* TASK DESCRIPTION *
Retype every line from the one containing "Affenpinscher displaying playful, entertaining" through the last line of the records below, both included; leave out the pictures.

########

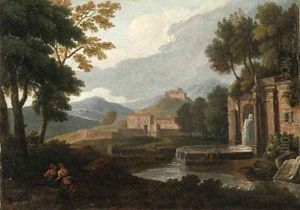 An Italianate Landscape with a Fountain and Philosophers resting in the foreground
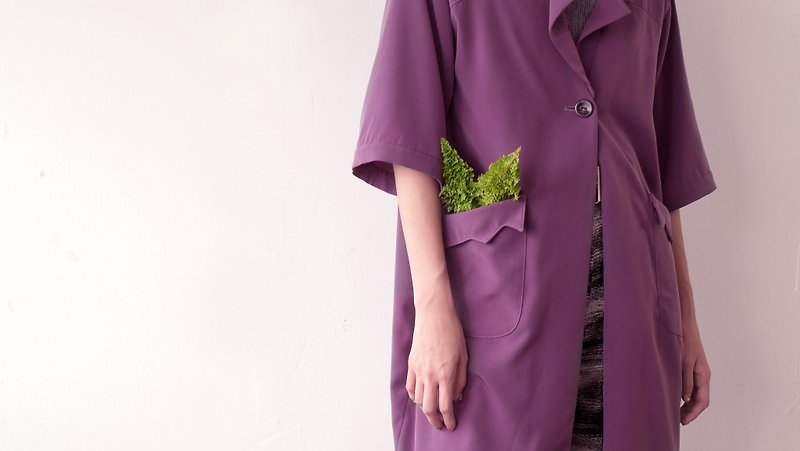 【复古现代诗】oversize百搭紫色茧型外套 - 女装休闲/机能外套 - 聚酯纤维 蓝色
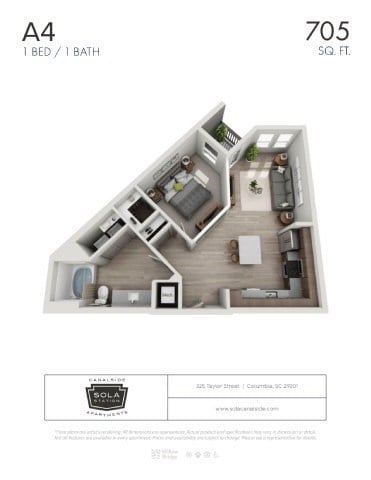 Floor plan for 1 bed, 1 bath, 705 sqft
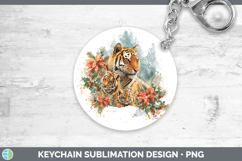 GorgeousAnimals Christmas Poinsettia Keychain design.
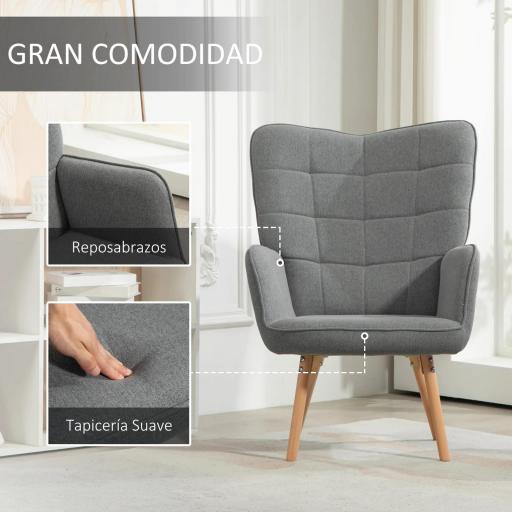 Butaca de Dormitorio con Respaldo Alto Reposabrazos Tela de Lino y Patas de Madera para Sala de Estar 71x76x101 cm Gris [2]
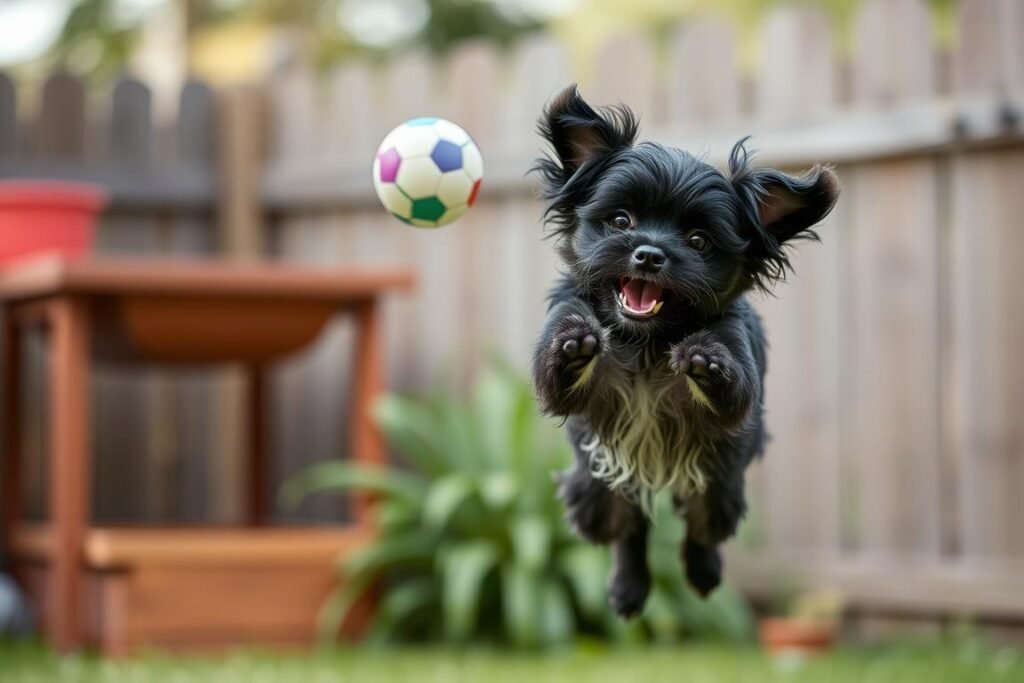 Affenpinscher displaying playful, entertaining behavior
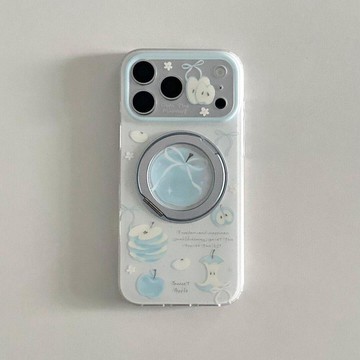 藍色蘋果適用iPhone17Promax手機殼蘋果16大視窗12雙層13創意11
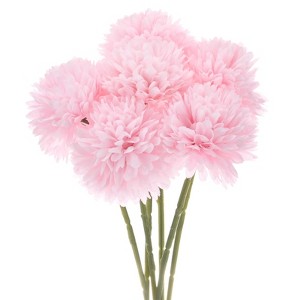 Unique Bargains Plastic Silk Durable Artificial Chrysanthemum Ball Flowers 11" - 1 of 4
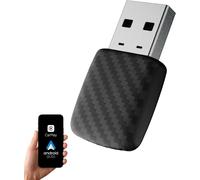 2 in 1 CarPlay and Android Auto Adapter, Plug & Play Mini Dongle with USB-A and USB-C Converts CarPlay Wired to Wireless, Compatible with iPhone and Android, Cars 2016+ (Motif Carbone)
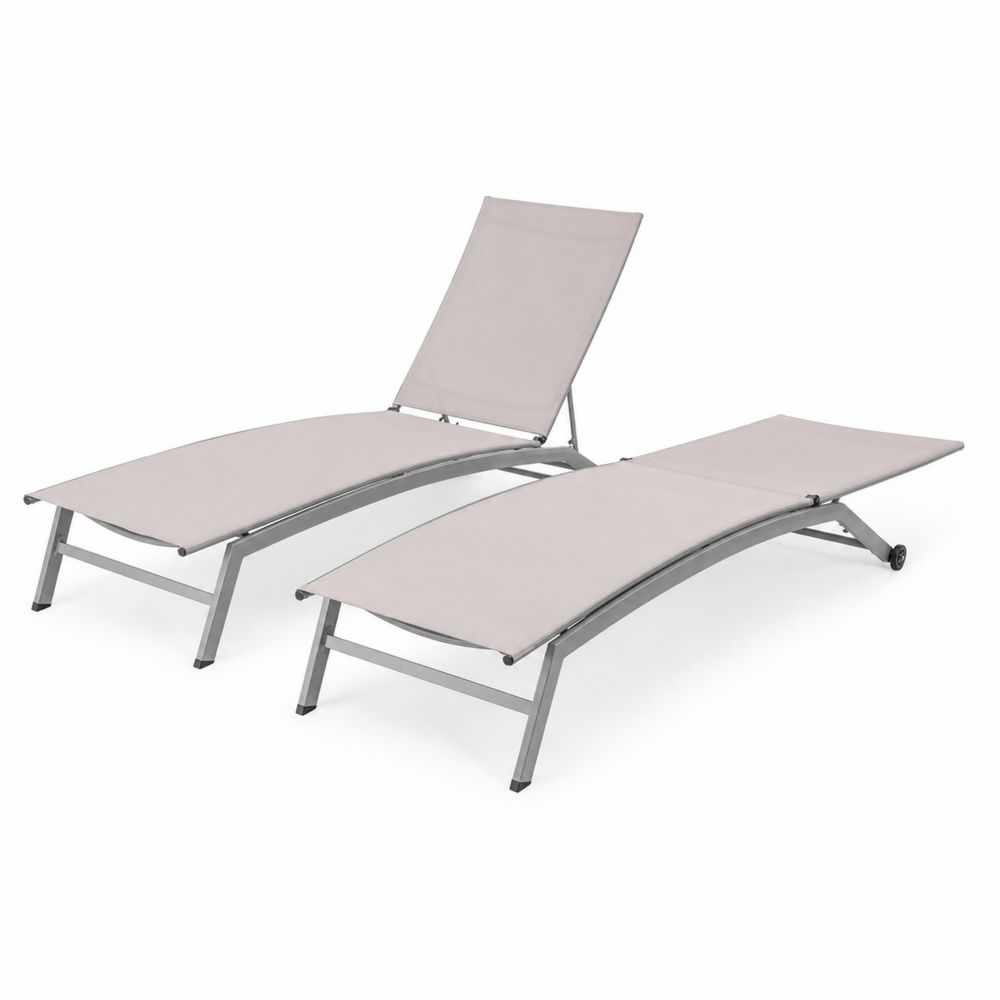 Juego de tumbonas de aluminio con textileno beige-Zenterrae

########

* ANSWER SECTION *
 Affenpinscher displaying playful, entertaining behavior
 藍色蘋果適用iPhone17Promax手機殼蘋果16大視窗12雙層13創意11
 Unique Bargains Plastic Silk Durable Artificial Chrysanthemum Ball Flowers 11" - 1 of 4
 2 in 1 CarPlay and Android Auto Adapter, Plug & Play Mini Dongle with USB-A and USB-C Converts CarPlay Wired to Wireless, Compatible with iPhone and Android, Cars 2016+ (Motif Carbone)
 Juego de tumbonas de aluminio con textileno beige-Zenterrae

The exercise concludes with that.